Aim of the task: Each line from the one containing "Property at 563" through the last line of the material below is to be transcribed exactly, with nothing else included.

Records for the exercise:
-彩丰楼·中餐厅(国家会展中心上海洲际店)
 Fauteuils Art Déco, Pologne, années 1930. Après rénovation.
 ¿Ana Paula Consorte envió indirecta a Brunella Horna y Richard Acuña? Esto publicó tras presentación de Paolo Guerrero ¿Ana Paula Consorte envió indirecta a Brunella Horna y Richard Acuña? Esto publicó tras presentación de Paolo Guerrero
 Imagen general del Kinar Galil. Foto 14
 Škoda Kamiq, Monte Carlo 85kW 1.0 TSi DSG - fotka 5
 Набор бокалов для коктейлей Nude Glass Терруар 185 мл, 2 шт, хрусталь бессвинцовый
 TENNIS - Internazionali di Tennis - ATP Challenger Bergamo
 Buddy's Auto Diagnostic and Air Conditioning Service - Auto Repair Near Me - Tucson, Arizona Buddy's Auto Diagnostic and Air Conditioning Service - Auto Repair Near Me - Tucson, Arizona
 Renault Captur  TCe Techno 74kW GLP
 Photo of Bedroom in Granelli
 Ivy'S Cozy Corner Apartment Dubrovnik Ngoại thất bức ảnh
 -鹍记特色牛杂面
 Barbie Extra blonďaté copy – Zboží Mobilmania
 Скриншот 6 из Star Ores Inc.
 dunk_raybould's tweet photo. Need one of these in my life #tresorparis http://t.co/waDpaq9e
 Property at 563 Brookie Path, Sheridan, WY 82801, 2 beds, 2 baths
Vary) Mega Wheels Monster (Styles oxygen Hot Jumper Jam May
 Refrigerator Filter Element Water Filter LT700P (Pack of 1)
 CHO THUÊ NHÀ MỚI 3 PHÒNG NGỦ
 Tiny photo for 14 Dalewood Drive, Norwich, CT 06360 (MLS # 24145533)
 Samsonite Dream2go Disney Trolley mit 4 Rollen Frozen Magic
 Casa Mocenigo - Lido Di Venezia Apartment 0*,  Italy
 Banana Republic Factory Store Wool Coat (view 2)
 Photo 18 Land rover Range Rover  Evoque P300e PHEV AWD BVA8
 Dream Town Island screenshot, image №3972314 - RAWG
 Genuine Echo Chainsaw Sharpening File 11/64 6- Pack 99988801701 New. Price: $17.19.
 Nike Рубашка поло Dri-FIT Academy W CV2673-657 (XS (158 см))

Answer space:
 Property at 563 Brookie Path, Sheridan, WY 82801, 2 beds, 2 baths
Vary) Mega Wheels Monster (Styles oxygen Hot Jumper Jam May
 Refrigerator Filter Element Water Filter LT700P (Pack of 1)
 CHO THUÊ NHÀ MỚI 3 PHÒNG NGỦ
 Tiny photo for 14 Dalewood Drive, Norwich, CT 06360 (MLS # 24145533)
 Samsonite Dream2go Disney Trolley mit 4 Rollen Frozen Magic
 Casa Mocenigo - Lido Di Venezia Apartment 0*,  Italy
 Banana Republic Factory Store Wool Coat (view 2)
 Photo 18 Land rover Range Rover  Evoque P300e PHEV AWD BVA8
 Dream Town Island screenshot, image №3972314 - RAWG
 Genuine Echo Chainsaw Sharpening File 11/64 6- Pack 99988801701 New. Price: $17.19.
 Nike Рубашка поло Dri-FIT Academy W CV2673-657 (XS (158 см))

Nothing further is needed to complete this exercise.